Paige Lewis is an American poet and the author of the collection Space Struck, which was named one of the Best Books of 2019 by Entropy and Book Riot. Lewis's debut novel, Canon, was published by Viking Press / Penguin in May 2026.

They are an assistant professor in the undergraduate creative writing program at the University of Iowa. Before that, they taught at Purdue University. They also teach in the low-residency fine art program at Randolph College.

They curated a YouTube poetry series called Ours Poetica for Complexly. They served as assistant editor at Divedapper and as assistant poetry editor of The Southeast Review. They co-edited, with Kaveh Akbar, the Sarabande Books anthology Another Last Call: Poems on Addiction and Deliverance.

==Early life and education==
Lewis received their MFA and PhD from Florida State University.

==Works==
Lewis won The Florida Review Editor's Award in Poetry in 2016 and was named The Adroit Journal 's Gregory Djanikian Scholar in 2018.

In 2019, their debut collection Space Struck was published by Sarabande Books.

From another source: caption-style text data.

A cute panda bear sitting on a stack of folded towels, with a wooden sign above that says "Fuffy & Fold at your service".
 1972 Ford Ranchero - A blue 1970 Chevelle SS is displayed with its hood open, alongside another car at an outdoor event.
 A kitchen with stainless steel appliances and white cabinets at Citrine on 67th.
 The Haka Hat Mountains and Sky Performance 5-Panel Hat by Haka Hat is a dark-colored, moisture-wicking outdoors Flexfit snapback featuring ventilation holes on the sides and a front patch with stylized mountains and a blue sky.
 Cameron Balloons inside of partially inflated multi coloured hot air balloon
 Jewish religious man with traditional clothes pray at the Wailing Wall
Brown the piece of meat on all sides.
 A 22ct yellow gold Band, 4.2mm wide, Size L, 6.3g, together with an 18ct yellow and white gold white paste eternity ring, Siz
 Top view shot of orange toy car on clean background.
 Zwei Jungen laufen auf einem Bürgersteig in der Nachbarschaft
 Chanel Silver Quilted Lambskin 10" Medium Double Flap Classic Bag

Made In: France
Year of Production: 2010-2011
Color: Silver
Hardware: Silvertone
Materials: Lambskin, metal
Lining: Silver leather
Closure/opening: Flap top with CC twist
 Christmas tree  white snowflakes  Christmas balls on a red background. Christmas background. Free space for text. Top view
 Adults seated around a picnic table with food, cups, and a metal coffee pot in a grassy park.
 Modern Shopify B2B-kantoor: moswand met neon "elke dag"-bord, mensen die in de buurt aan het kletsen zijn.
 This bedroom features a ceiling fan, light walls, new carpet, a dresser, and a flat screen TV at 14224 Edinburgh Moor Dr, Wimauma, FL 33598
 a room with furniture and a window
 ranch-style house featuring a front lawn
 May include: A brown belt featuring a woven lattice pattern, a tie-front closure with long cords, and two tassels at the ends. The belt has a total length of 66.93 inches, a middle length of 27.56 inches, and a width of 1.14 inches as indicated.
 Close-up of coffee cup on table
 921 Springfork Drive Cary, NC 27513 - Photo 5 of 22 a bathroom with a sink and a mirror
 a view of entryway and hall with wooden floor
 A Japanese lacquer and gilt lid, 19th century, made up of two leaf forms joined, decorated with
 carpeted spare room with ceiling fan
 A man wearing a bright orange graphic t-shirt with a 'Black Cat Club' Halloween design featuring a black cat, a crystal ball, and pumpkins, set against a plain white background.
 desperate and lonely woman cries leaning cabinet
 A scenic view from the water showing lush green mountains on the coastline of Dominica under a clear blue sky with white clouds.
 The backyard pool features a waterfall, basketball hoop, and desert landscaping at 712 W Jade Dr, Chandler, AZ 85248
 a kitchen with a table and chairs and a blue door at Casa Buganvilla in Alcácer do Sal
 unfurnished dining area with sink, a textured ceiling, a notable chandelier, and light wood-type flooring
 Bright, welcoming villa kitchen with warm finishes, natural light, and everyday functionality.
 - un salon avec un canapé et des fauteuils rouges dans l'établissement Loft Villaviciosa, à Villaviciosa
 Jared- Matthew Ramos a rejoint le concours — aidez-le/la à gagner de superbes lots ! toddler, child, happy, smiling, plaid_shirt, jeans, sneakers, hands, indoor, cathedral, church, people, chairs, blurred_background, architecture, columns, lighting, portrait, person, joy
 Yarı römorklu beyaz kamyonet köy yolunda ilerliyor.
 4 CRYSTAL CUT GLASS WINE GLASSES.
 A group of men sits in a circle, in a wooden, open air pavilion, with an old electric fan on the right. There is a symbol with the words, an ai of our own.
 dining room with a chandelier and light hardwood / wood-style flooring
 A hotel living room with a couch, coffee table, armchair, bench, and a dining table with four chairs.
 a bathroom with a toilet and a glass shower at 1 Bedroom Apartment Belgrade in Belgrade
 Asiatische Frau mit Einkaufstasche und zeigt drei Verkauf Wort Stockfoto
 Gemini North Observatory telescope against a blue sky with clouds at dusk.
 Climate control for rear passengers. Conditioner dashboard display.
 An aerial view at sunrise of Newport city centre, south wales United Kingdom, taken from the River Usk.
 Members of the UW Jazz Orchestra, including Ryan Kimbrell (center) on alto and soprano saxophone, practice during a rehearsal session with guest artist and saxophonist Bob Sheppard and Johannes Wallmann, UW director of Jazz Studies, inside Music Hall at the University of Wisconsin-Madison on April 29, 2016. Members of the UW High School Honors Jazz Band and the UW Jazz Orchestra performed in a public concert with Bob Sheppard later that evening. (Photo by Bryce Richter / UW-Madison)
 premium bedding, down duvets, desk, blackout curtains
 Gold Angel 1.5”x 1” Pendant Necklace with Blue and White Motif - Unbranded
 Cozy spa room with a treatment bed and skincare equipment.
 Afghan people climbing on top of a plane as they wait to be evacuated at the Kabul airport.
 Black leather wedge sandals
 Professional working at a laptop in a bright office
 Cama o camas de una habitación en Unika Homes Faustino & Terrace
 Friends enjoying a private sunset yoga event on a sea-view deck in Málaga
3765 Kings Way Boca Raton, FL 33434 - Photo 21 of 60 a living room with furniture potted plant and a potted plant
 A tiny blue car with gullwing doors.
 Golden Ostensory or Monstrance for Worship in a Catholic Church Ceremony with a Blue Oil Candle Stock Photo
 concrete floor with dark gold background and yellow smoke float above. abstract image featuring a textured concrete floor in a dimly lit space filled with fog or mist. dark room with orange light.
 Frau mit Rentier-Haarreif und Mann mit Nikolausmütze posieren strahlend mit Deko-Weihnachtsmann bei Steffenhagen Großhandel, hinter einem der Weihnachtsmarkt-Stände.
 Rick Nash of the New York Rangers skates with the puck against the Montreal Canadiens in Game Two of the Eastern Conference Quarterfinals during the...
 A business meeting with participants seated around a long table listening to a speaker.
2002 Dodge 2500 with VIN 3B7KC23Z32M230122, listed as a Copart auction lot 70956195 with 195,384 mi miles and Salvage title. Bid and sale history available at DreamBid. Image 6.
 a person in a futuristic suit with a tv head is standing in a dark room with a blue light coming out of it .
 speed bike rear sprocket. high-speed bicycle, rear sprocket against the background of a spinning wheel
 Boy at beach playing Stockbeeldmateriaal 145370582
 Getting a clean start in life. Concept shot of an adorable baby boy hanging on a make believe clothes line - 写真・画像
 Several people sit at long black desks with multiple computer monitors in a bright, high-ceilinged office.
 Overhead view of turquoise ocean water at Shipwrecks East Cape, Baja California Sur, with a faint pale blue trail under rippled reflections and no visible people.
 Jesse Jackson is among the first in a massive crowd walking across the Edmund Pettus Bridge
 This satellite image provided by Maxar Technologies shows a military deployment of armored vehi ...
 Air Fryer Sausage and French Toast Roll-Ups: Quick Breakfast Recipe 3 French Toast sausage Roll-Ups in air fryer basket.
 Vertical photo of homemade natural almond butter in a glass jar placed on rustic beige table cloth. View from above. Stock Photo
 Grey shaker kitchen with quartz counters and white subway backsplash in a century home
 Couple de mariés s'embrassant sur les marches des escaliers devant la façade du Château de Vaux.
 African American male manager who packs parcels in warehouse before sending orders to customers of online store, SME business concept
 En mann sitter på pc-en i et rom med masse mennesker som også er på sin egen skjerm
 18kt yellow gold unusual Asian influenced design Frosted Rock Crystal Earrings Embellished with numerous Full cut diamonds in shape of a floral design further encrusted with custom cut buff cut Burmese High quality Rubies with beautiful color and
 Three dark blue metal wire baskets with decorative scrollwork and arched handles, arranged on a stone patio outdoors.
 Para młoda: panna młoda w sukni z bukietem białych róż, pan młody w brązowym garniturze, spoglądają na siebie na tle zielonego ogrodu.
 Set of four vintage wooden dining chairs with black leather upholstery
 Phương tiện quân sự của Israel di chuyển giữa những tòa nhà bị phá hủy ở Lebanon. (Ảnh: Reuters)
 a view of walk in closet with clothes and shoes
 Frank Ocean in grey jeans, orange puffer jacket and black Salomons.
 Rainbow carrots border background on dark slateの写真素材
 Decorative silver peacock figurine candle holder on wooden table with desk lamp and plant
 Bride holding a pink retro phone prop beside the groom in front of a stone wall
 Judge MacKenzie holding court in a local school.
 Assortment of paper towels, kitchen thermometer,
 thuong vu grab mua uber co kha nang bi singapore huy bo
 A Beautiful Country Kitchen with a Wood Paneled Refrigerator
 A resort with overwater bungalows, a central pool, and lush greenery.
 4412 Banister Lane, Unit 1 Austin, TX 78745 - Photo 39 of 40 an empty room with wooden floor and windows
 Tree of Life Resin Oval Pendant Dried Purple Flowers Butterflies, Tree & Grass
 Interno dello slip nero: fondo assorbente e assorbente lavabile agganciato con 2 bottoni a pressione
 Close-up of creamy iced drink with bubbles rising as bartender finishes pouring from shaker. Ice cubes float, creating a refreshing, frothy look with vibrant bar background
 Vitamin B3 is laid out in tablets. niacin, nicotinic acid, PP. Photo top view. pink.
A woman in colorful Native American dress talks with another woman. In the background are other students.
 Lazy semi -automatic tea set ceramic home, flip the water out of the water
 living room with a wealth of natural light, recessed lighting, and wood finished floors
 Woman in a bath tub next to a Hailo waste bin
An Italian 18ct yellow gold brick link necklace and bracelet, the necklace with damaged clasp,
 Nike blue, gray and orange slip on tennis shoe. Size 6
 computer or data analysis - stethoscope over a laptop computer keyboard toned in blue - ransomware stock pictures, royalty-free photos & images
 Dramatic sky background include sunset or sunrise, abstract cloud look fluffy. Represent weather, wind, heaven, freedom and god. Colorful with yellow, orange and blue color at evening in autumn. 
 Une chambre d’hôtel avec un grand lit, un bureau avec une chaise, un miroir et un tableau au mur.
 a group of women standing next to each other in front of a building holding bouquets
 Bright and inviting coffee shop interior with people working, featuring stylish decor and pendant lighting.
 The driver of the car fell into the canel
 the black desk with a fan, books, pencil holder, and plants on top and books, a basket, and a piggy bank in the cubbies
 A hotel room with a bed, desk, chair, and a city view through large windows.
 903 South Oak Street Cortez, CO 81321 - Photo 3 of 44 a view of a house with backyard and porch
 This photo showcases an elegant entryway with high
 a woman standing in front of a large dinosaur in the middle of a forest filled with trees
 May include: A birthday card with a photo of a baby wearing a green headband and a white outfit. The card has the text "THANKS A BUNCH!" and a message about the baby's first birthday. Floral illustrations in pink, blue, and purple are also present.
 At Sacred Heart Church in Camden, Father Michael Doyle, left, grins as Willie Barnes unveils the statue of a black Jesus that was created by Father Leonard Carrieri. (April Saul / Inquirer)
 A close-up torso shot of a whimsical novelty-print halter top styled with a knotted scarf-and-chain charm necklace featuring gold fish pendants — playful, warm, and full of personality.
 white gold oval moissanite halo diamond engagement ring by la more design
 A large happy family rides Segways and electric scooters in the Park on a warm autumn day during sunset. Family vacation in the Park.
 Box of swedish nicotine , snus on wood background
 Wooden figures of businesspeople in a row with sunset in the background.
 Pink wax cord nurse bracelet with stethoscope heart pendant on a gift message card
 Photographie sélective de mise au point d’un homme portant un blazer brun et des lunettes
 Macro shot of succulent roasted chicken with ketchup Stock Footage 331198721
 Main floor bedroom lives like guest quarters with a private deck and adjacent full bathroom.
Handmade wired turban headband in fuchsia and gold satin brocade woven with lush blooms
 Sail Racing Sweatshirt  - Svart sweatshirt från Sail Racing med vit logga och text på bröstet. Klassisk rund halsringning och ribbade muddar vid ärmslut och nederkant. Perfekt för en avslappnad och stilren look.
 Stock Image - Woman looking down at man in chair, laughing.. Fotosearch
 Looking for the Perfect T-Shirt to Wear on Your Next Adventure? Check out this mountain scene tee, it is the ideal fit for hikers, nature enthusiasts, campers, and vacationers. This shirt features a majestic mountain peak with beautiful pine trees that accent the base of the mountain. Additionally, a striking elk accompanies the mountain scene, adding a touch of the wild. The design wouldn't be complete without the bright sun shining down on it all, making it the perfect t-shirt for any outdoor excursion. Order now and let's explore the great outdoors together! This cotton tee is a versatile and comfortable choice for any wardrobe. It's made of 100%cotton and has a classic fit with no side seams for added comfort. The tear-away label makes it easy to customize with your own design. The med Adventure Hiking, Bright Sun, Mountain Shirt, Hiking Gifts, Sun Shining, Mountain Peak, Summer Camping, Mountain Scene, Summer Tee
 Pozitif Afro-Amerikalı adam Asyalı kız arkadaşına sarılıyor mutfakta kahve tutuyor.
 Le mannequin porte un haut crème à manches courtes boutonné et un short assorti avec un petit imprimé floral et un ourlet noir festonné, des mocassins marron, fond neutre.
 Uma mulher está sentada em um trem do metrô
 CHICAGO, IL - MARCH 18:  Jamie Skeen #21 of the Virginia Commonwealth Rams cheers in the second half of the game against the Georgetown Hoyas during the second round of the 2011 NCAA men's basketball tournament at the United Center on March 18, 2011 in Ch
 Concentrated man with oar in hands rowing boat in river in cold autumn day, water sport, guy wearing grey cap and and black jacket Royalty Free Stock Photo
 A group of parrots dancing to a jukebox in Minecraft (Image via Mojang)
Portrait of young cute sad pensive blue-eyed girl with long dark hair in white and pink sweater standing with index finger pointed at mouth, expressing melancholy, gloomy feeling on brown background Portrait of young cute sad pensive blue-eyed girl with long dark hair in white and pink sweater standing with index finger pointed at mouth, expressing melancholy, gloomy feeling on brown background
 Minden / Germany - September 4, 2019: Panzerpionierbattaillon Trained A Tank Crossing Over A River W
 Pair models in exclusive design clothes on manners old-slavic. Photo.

The Millions called it "One of the best debuts of the year," writing: "Poem by poem, Lewis builds a menagerie of mood and matter." The Rumpus wrote that "It pulses with light and shimmers with hope." The Carolina Quarterly wrote: "In a Lewis poem, paying attention reveals craziness and danger. . . Lewis' poems show us what is so hard to look at, the truth we squirm to see. And they make us culpable in the process."

In an interview, The Adroit Journal noted that "Space Struck swerves toward the tercet in numerous instances" and described the poems as "sometimes directly interrogate the metaphysical, the spiritual realm." Stay Thirsty Magazine wrote: "Lewis takes up this idea of purgatory, and other religious ideals, in much of their work. The speaker of their poetry searches the space between religious reveries and the corporeal truths of reality."

Lewis's poetry has appeared in Poetry, American Poetry Review, Ploughshares, Gulf Coast, The Massachusetts Review, The Georgia Review, The Iowa Review, Poetry Northwest, and Ninth Letter, and anthologized in Best New Poets 2017.

== Personal life ==
Lewis is married to the Iranian-American poet Kaveh Akbar.

==Awards and honors==
- 2016: The Florida Reviews Editor's Award in Poetry
- 2018: The Adroit Journals Gregory Djanikian Scholar

== Bibliography ==
=== Novels ===
- Lewis, Paige (2026). "Canon"
=== Poetry ===
- "Space Struck" (2019)
=== Co-edited ===
- "Another Last Call: Poems on Addiction and Deliverance" (2023)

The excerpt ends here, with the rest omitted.